▶ _EXERCISE_
Without the images, reproduce every entry exactly.

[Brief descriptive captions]
______
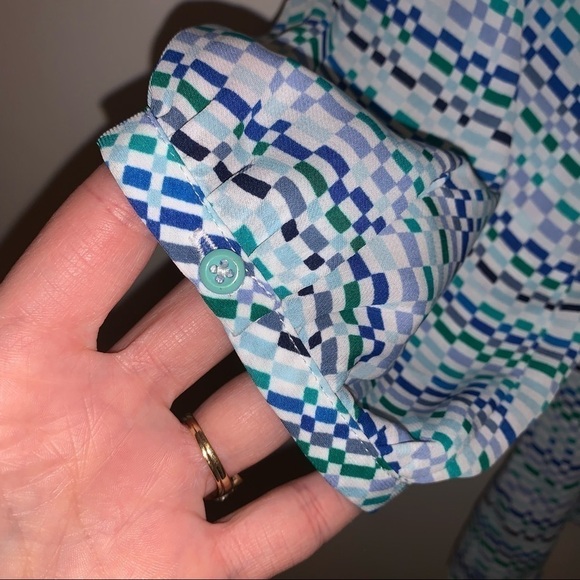 Banana Republic Blue and Green Blouse - Picture 5 of 9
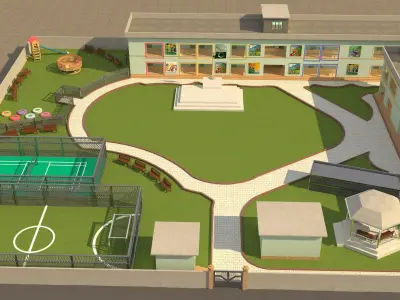 3D MODEL SCHOOL  WITH SPORTS COMPLEX   Low-poly 3D model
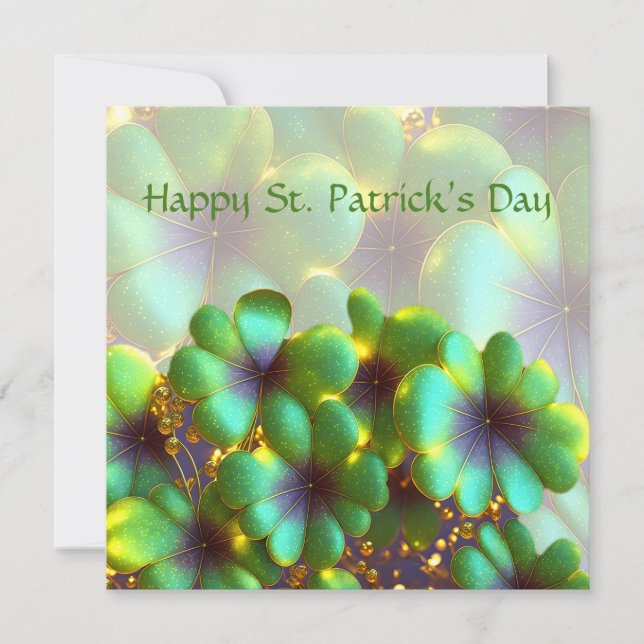 Cartes Pour Fêtes Annuelles Shamrock aux accents dorés, Saint Patrick's Day (Devant)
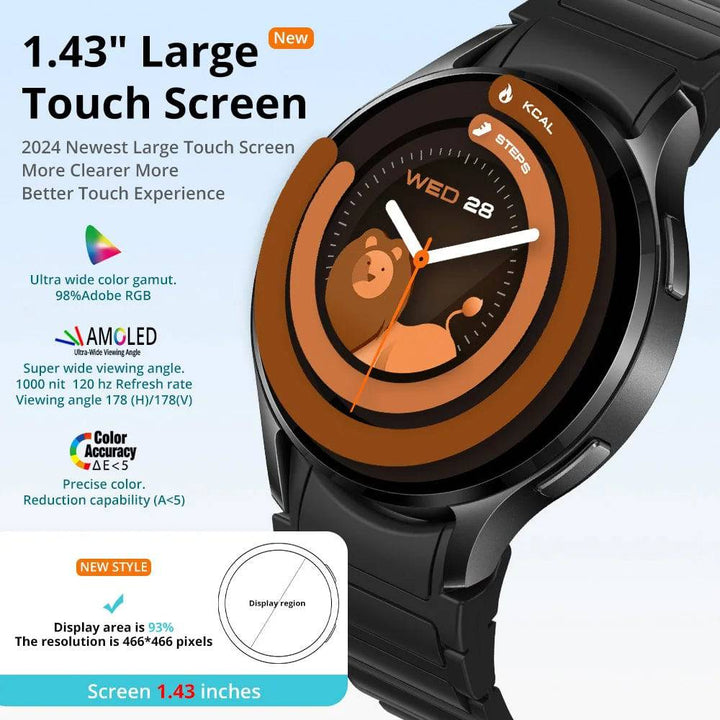 COLMI i28 Ultra AI Smartwatch – 1.43" AMOLED HD Display, Built-in AI Assistant, Bluetooth Call, and Muslim Prayer Features - Q-Happiness LTD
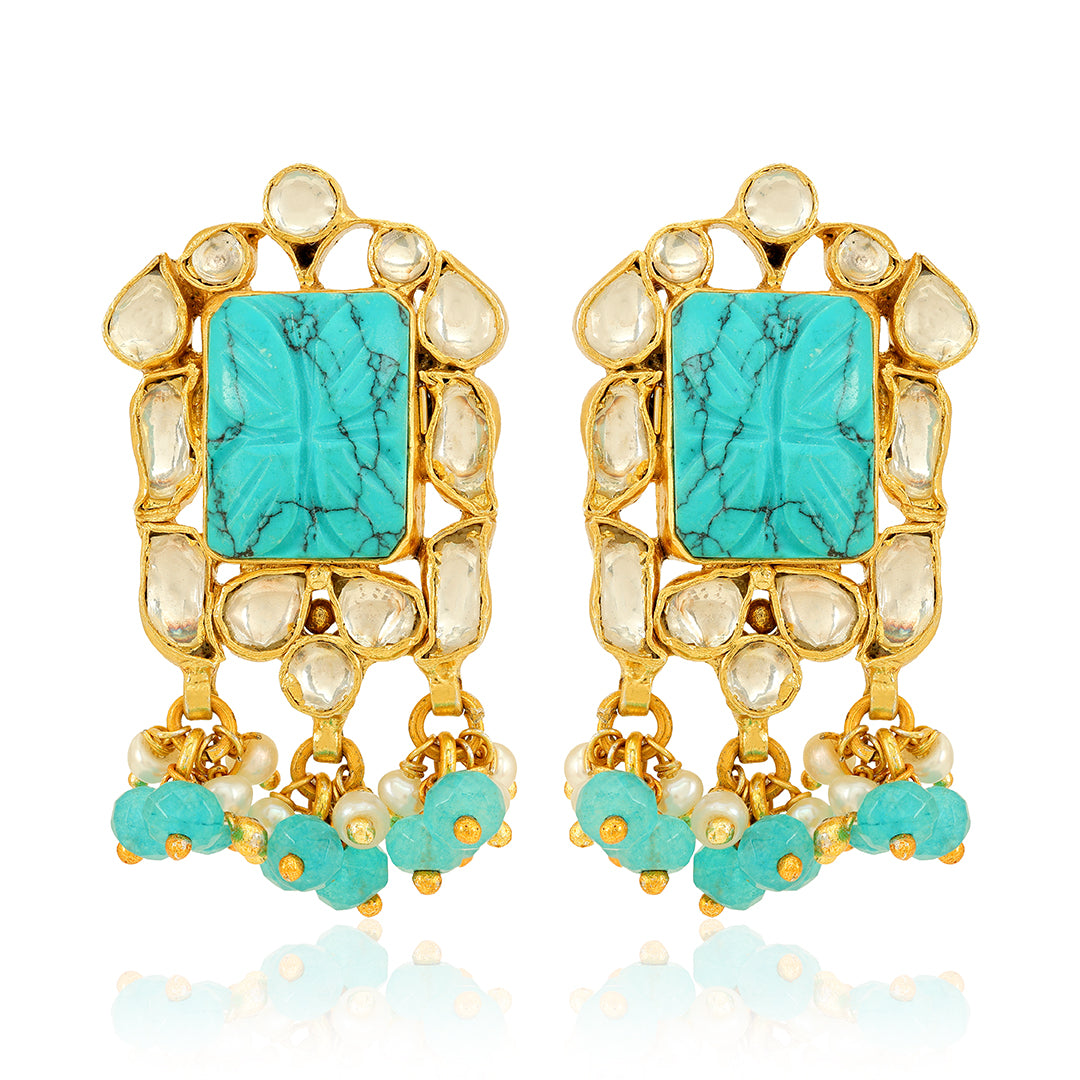 Turquoise  Chandelier Silver Earring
______
▶ _SOLUTION_
 Banana Republic Blue and Green Blouse - Picture 5 of 9
 3D MODEL SCHOOL  WITH SPORTS COMPLEX   Low-poly 3D model
 Cartes Pour Fêtes Annuelles Shamrock aux accents dorés, Saint Patrick's Day (Devant)
 COLMI i28 Ultra AI Smartwatch – 1.43" AMOLED HD Display, Built-in AI Assistant, Bluetooth Call, and Muslim Prayer Features - Q-Happiness LTD
 Turquoise  Chandelier Silver Earring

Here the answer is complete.